The IMOS scheme was set out in a separate contract. The IMOS contract had a fixed term of 12 months, ending in November 2008, which the parties could extend by agreement. However, the PCT could terminate the IMOS contract at any time on one month’s notice.

In the end, the PCT and the dentists continued the IMOS pilot beyond November 2008. In effect, they renewed and continued the IMOS contract by their conduct.

The PCT and the dentists wished to formalise the extension of the IMOS scheme. In April 2009, they signed a VAF to incorporate the IMOS scheme into the GDS contract. In the words of one of the PCT’s representatives, this was a “far more sensible approach” than re-signing the IMOS contract.

In 2016, NHS England (which had taken over from the PCT) attempted to terminate the IMOS scheme.

The dentists said this was not possible because, although the IMOS contract had allowed the PCT to end the contract on a month’s notice, the scheme had now been incorporated into the GDS contract, and that contract did not allow termination simply by notice unless the dentists were in default.

What did the court say?

The court agreed with the dentists. It said that the parties had plainly amended the GDS contract so as to incorporate the IMOS scheme under the framework of that contract.

NHS England had argued that, by bringing the IMOS scheme within the GDS framework, the parties must have intended to bring across the PCT’s right to terminate simply by sending notice.

But, in the court’s view, when the IMOS scheme was incorporated into the GDS contract, it became a “further service” that was subject to the terms of that contract. The GDS contract did not allow NHS England to terminate by notice. The parties could have referred to the PCT’s existing termination right in the VAF if they had wanted to incorporate it into the GDS contract, but they did not.

Moreover, the entire agreement clause in the GDS contract rendered the previous contractual arrangements for the IMOS scheme redundant, including the termination rights in the IMOS contract.

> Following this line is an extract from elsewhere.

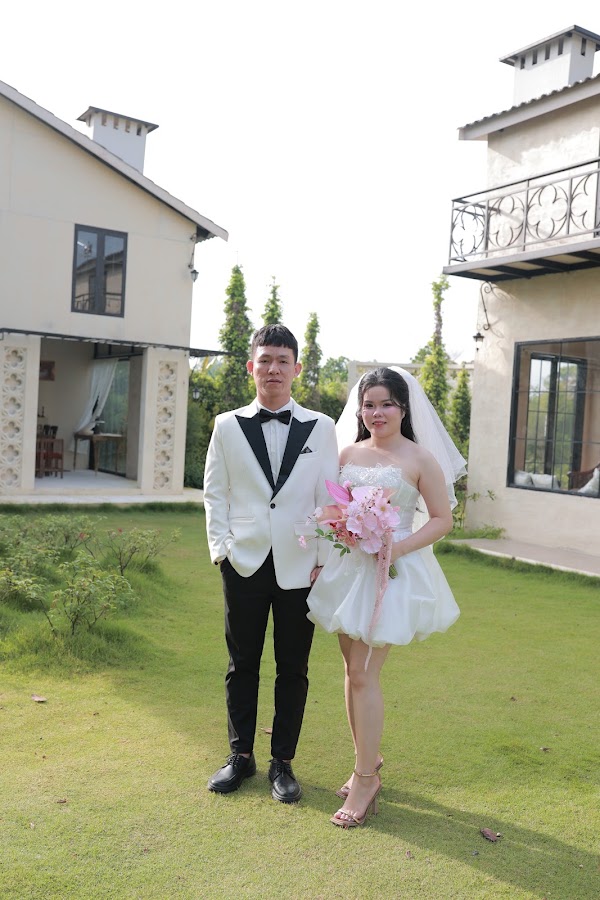 Ảnh bìa album
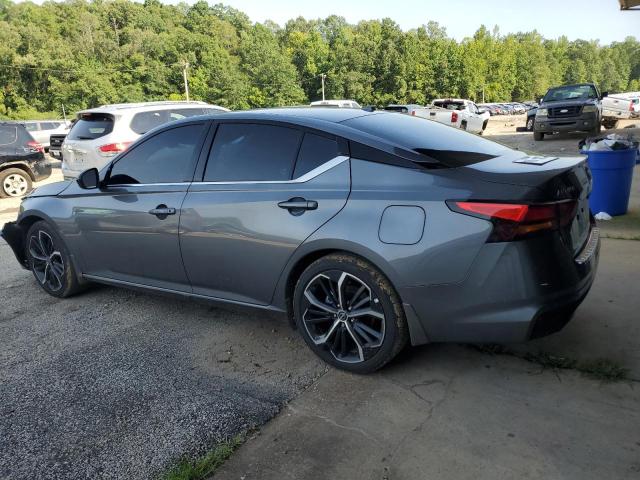 Photo 2 from auction – 2023 NISSAN ALTIMA SR with VIN 1N4BL4CV9PN413701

What does this mean for me?

This case shows how important it is when amending a contract, or when consolidating different contractual arrangements, to comb through the different frameworks and mechanisms in those contracts and ensure that the parties have captured everything they intend to.

In this case, the court suggested that, if the parties had at least referred in the signed VAF to the termination right in the IMOS contract, that right might have been incorporated into the GDS contract.

Questions to consider when amending or consolidating contracts include:

  • Should different services or arrangements be provided under different models? If so, is it simpler to deal with the services in separate contracts?
  • If bringing a discrete service within the scope of a broader framework or master agreement, is the master model suitable for that service? Should any bespoke provisions be applied to that service?
  • Do any of the contracts contain a specific procedure for making amendments (a so-called “change control procedure”)? If so, has that procedure been followed?

Other items

  • Prospectuses. The Financial Conduct Authority (FCA) has updated its forms and checklists and its Knowledge Base to reflect the fact that the EU Prospectus Regulation came fully into force in the UK on 21 July 2019. In particular, the FCA has created a new “Form A” for submitting a prospectus for approval under the new regime, and a new Publication Form for when a prospectus is formally published under the new regime.
  • Proxy advisers. The Best Practice Principles for Shareholder Voting Research and Analysis Group has published an updated version of its principles for voting research and analysis providers. The revised principles reflect changes made by the Second EU Shareholder Rights Directive (SRD II) and recent changes in corporate stewardship.